Das große Aber: Mein TX1000 ist ein wunderbarer Allrounder. Es hat eine Rohloff Schaltung, einen bequemen Brooks Sattel, genügend Gepäckträger für alle möglichen Taschen, einen Kettenschutz (den ich aber so nicht mehr kaufen wollen würde, das Geräusch vom Chainglider nervt) und einen sehr praktischen Speedlifter, den ich tatsächlich erst in den letzten Monaten habe zu schätzen gelernt. Erweitert habe ich noch einen Klickfix für Körbchen oder Tasche, Garminhalterung und einen 5V USB Converter, den ich an den SON Nabendynamo angeschlossen habe, um unterwegs Garmin, Powerbank oder Handy laden zu können. Relativ spät habe ich einen zweiten Ständer montiert, am vorderen Gepäckträger, um ein Umschlagen des Lenkers zu verhindern und mehr Sicherheit beim “Beladen” des Kindersitzes zu haben.
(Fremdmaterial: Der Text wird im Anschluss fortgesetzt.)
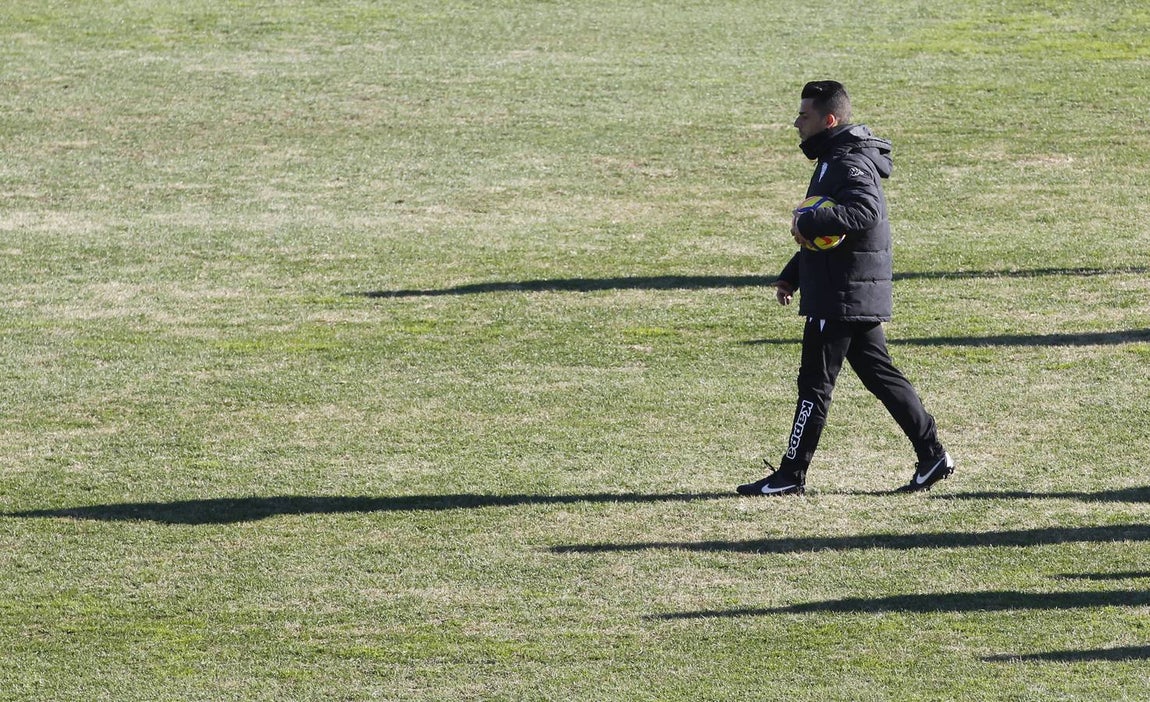 Imágenes del primer día de Jorge Romero como técnico del Córdoba CF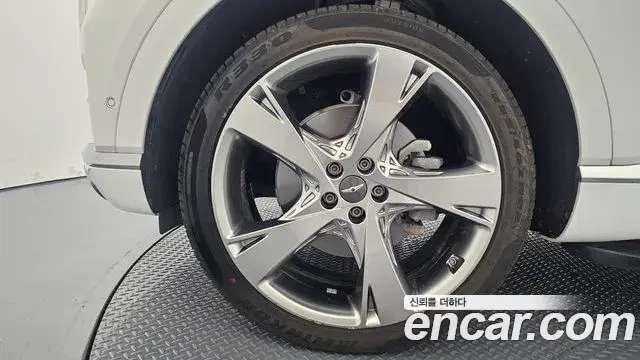 Genesis GV80 2021 — ფოტო 22/33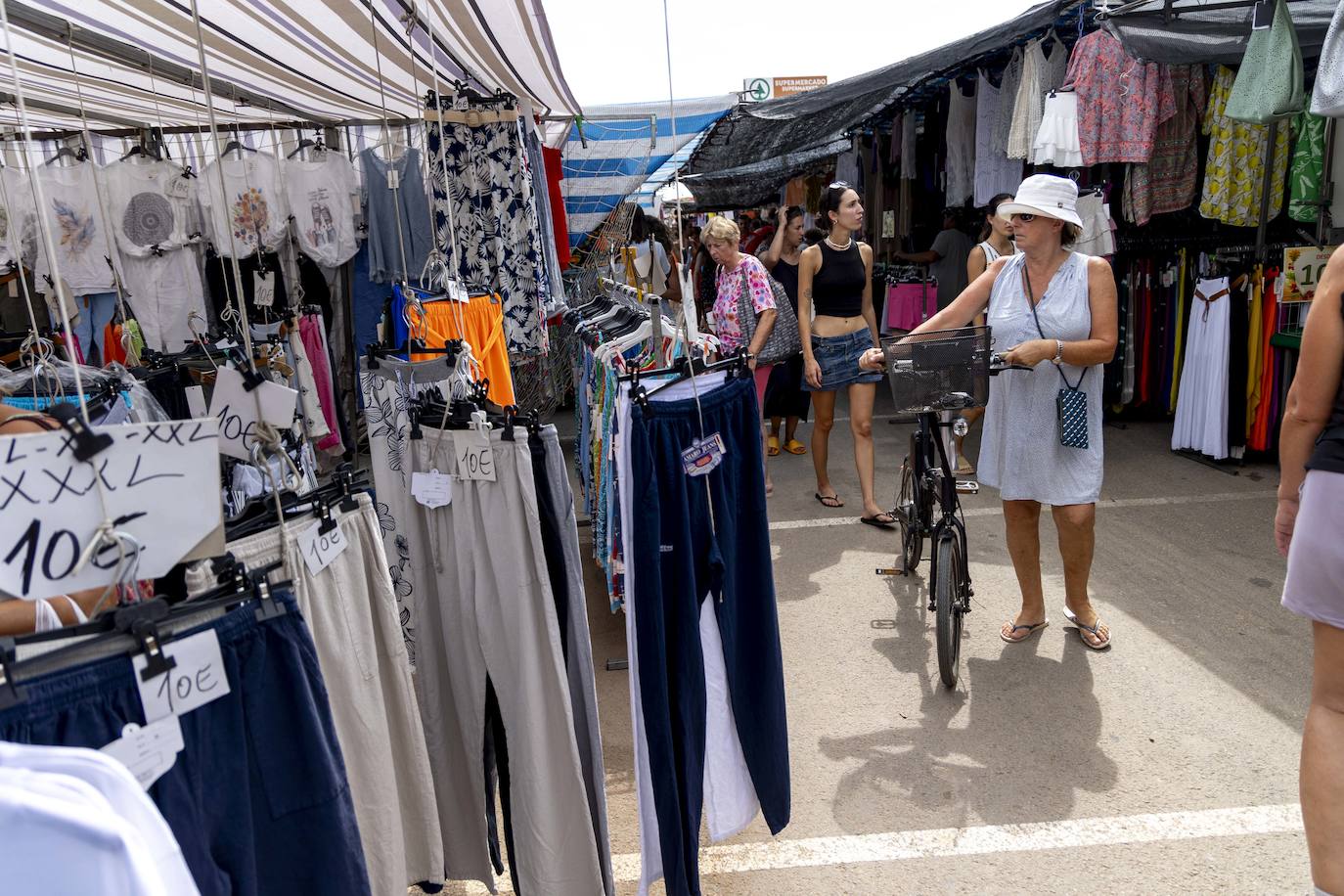 Las imágenes del mercado de Cabo de Palos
Zum komischen Titel des Posts: Ich bin der Meinung, dass etliche Fahrräder dieser Art, auch wahrscheinlich etliche noch mal deutlich teurerer, aus Prestige und “Sehnsuchts” Gründen verkauft werden. Ich bin das Fahrrad auch erstmal 2 Jahre ohne Reise gefahren, bis ich im Frühjahr 2014 350km von Aachen nach Domburg mit Zelt in 2 Tagen gefahren bin:
Die erste Radreise bin ich noch viel zu schnell gefahren. Das Fahrrad eigentlich tatsächlich viel mehr zum ruhigen Fahren, bei dem man auch etwas sieht.
Das gelang mir 2015 auf dem Weg von Lübeck nach Stralsund schon viel besser:
Hier sieht man ganz gut den zweiten Ständer am vorderen Gepäckträger: Er schränkt den Fahrkomfort im Gegensatz zu einem Lenkeinschlagsbegrenzer nicht ein und ist nicht so schwer wie ein Zweibeinständer.
Ebenfalls gut erkennbar: Der Schwalbe Marathon Mondial in 42x622, der kaum in die Schutzbleche passt. Der erste Eindruck war: Oh weia. Nach über 10000km(!) ist das Dingen immer noch nicht abgenutzt und bis jetzt - toitoitoi - plattenfrei.
Im Frühjahr 2016 fuhr ich dann von Berlin nach Kopenhagen:
Mein Fazit zum 2012/13 TX1000: Es ist ein hervorragend ausgestattetes Fahrrad und preislich in einem Rahmen, für den man einerseits von “Laien” eher ungläubig angeschaut wird, der aber anderseits deutlich unter dem anderer Räder dieses Kalibers liegt.
Das TX1000 ist ziemlich unauffällig, ich mag das.
Ich habe mit dem Fahrrad 2 Kinder meiner Einschätzung nach sehr sicher im Kindersitz transportiert und hatte niemals den Eindruck, dass das Rad leicht gekippt wäre. Die Taschenhalterung am Vorderrad ist essentiell, wenn man ein Kind im Kindersitz dabei hat und z.B. Einkaufen will oder einfach nur was für eine Tour einstecken möchte.
Mir ist auf dem Fahrrad klar geworden, dass es weder im Fahrradalltag noch auf einer Reise auf maximales Tempo ankommt. Es ist ebenfalls absolut in Ordnung, ohne “E” unterwegs zu sein.
Und ich bin froh, dass ich nicht nur die Sehnsucht mit gekauft habe, sondern auch meine Pläne von Radreisen nun bereits mehrfach in die Tat umgesetzt habe.